Te Hiringa Hauora say “the first 1000 days of a child’s life lay the foundations for their entire future”. So, the focus is on investing in these first 1000 days, and ensuring parents feel secure and understand their children’s wellbeing depends on adults’ wellbeing.
When I was a child, I can recall wanting to be a boy mostly because, in my naivety, I thought I wouldn’t get sexually abused and urinating standing up seemed awesome. I was termed a “tomboy” and all was fine, no one suggested to me that I should transgender and I was not given drugs or counselling, it was simply who I was comfortable being.
Times have changed and being relevant to these changes appears to be of the utmost importance if we are to be more inclusive and understanding. But it seems that if you hold on to traditional family values of a mum and a dad and promote such notions like if you have a penis you’re a man and if you have a vagina you’re a woman, then you are being exclusive and ignorant.
Raising children in a hostile world is tough, especially for those of us who choose a faith-based belief theology. True teaching from a faith-based foundation means everything is about love. Reading opinions and views, it’s obvious the tension around beliefs and traditions and what is deemed “normal” are more intense due to the differing information we can share or believe in. Conversations face-to-face around contentious topics are becoming rare, I think, due to fear of aggressive reactions.
I believe that parents should be a voice
that their children trust the most and, of
course, parents should make the most of their role and teach their children about puberty, including sexuality.
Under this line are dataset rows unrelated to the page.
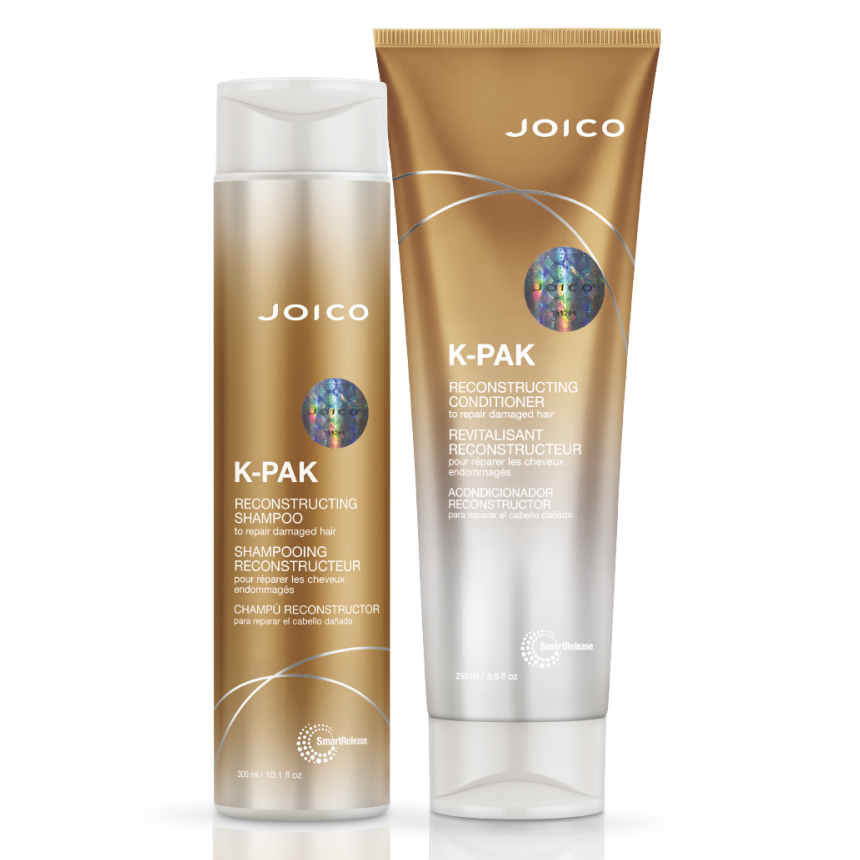 Joico K-Pak | Zestaw regenerujący: szampon 300ml + odżywka 250ml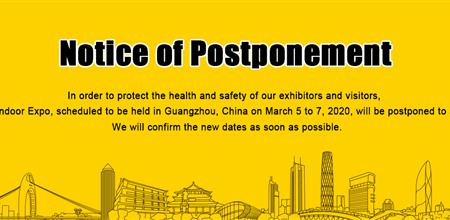 Notice of Postponement: Windoor Expo 2020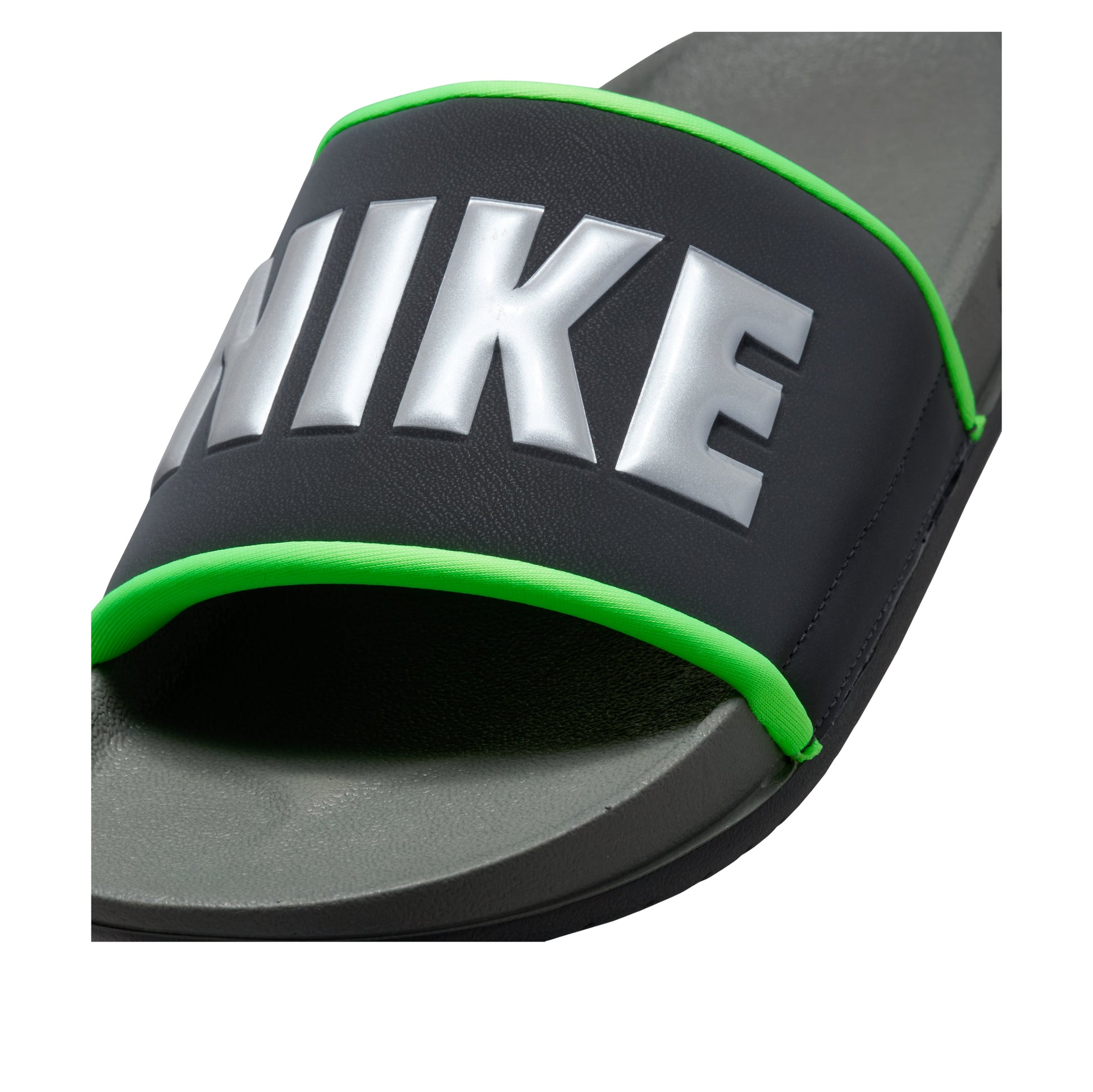 Nike Offcourt Slides 'Anthracite Smoke Grey Green Strike' BQ4639-026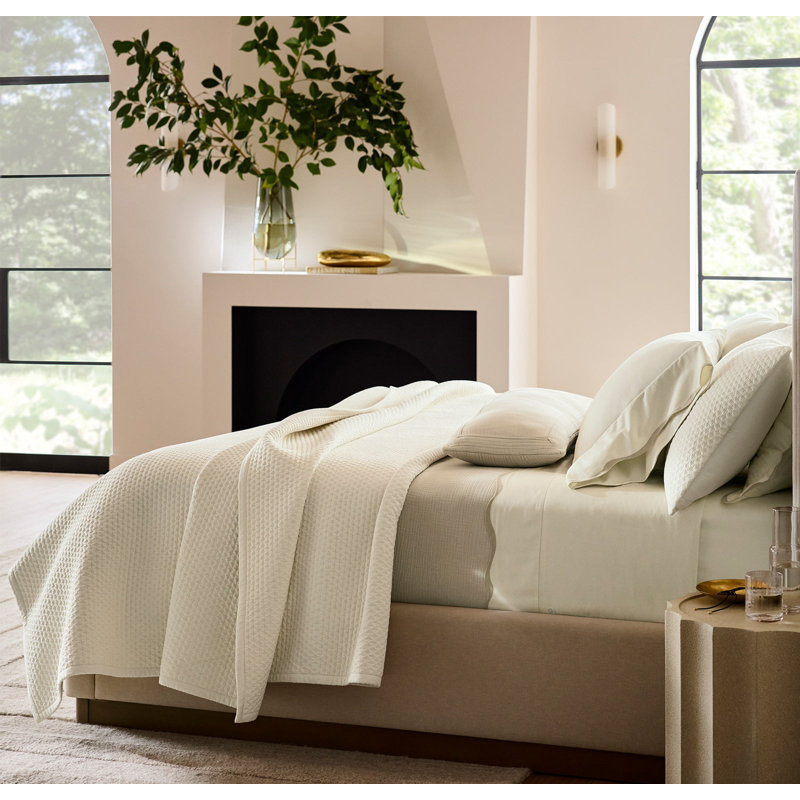 Signature Curved Edge Sheet Set, Sand, King Sheet Set with 2 Standard Pillowcases
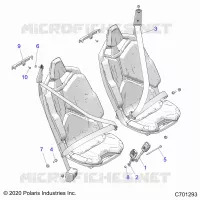 SITZ BELT MOUNTING, FRONT, STANDARD
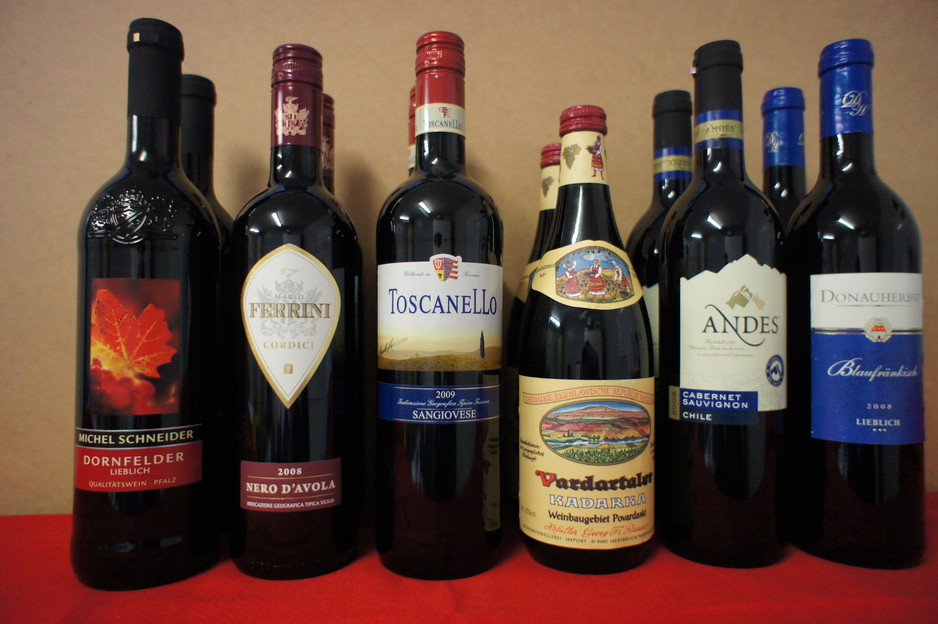 European Wine Cellars Pic 1 - Some of our Red Wines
With the ongoing assault on what family values are based on in an increasingly secular world, no wonder parents feel overwhelmed and often disengaged from the school curriculum, especially from sexual health.
Who should decide the appropriate age to teach children about sexual themes?
I believe most parents want to ensure their children aren’t exposed unnecessarily to sexual messaging that might remove the beauty of innocence.
Sexual health education is a huge responsibility and, therefore, it is vital that we engage with our communities before we see a small group pushing secular ideologies and an agenda.
Adolescence is a time when questioning sexual identity is part of growing up and there are milestones that generally capture what is deemed “normal”.
On reflection, my years of teaching sexual health promoting abstinence and commitment was welcomed and, when talking about relationships and sexuality, students enjoyed the different opinions and concepts that promoted critical thinking.
Children are being indoctrinated around gender, it seems we now create more labels to create inclusion when we should just teach the golden rule “do unto others as you would have them do unto you”.